**DIRECTIONS**
What is needed is an exact copy of the lines in the entries below from the one holding "Wade Whimsies England" through the one holding "HÜDA Par istedi, AKP", pictures excluded.

[RECORDS PROVIDED]

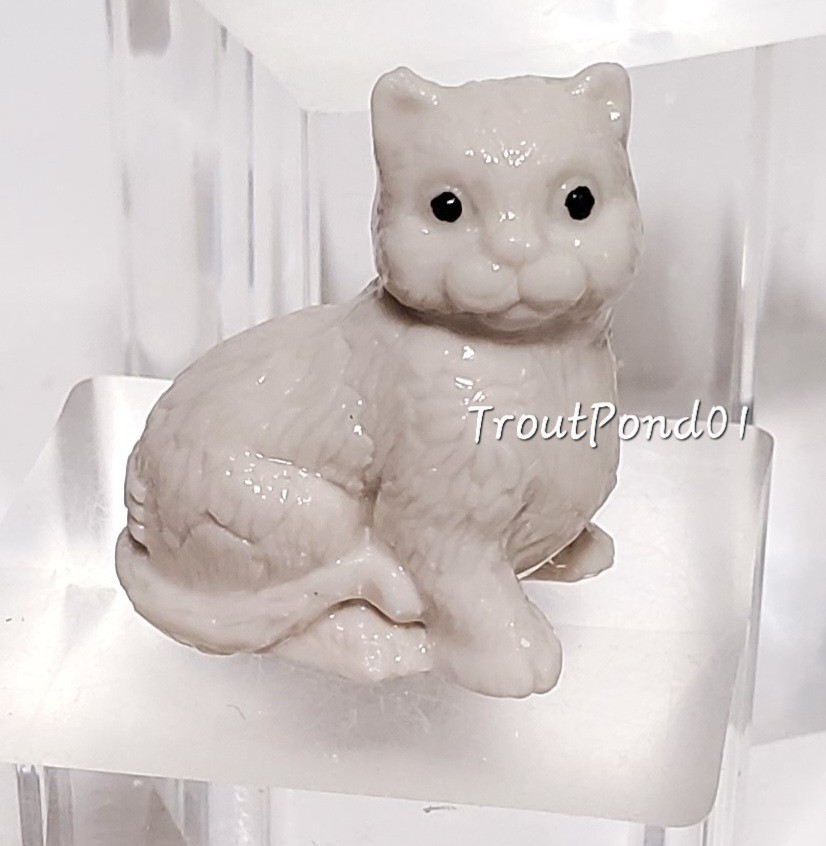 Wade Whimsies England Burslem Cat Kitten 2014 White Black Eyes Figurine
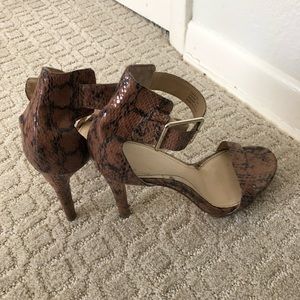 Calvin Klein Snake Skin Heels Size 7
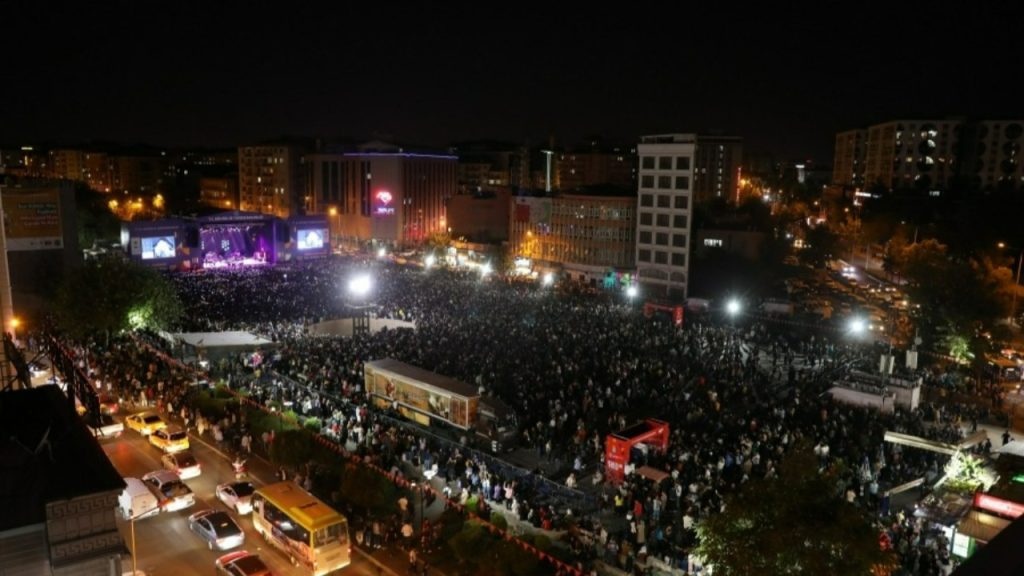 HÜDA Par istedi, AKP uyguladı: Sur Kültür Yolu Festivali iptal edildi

[/RECORDS PROVIDED]
[RECORDS PROVIDED]

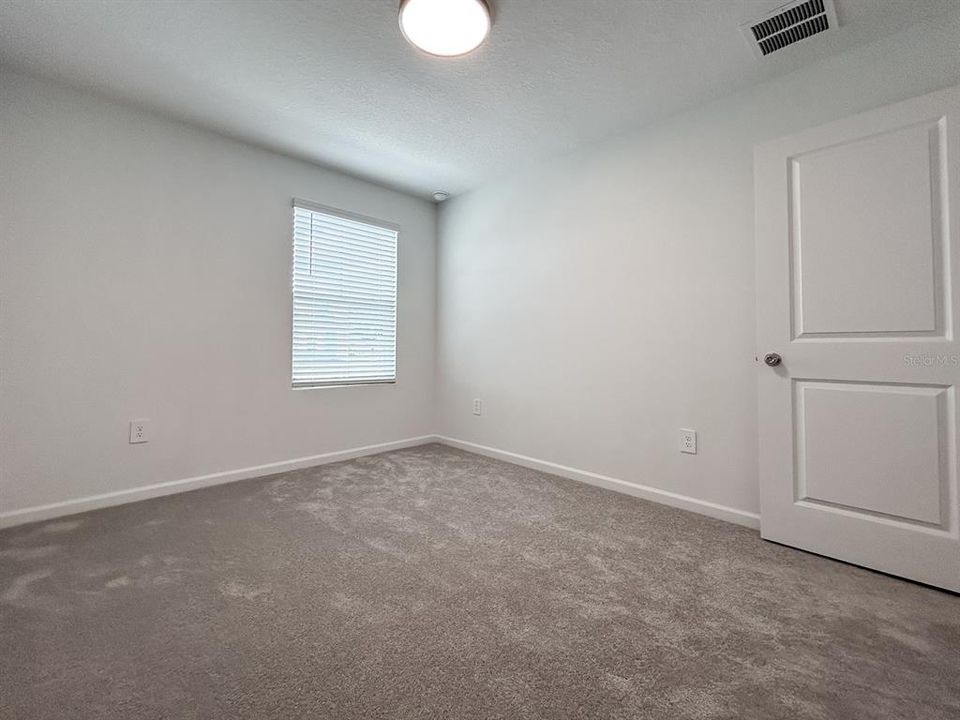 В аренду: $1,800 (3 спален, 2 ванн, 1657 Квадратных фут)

[/RECORDS PROVIDED]

**EXERCISE SOLUTION**
 Wade Whimsies England Burslem Cat Kitten 2014 White Black Eyes Figurine
 Calvin Klein Snake Skin Heels Size 7
 HÜDA Par istedi, AKP uyguladı: Sur Kültür Yolu Festivali iptal edildi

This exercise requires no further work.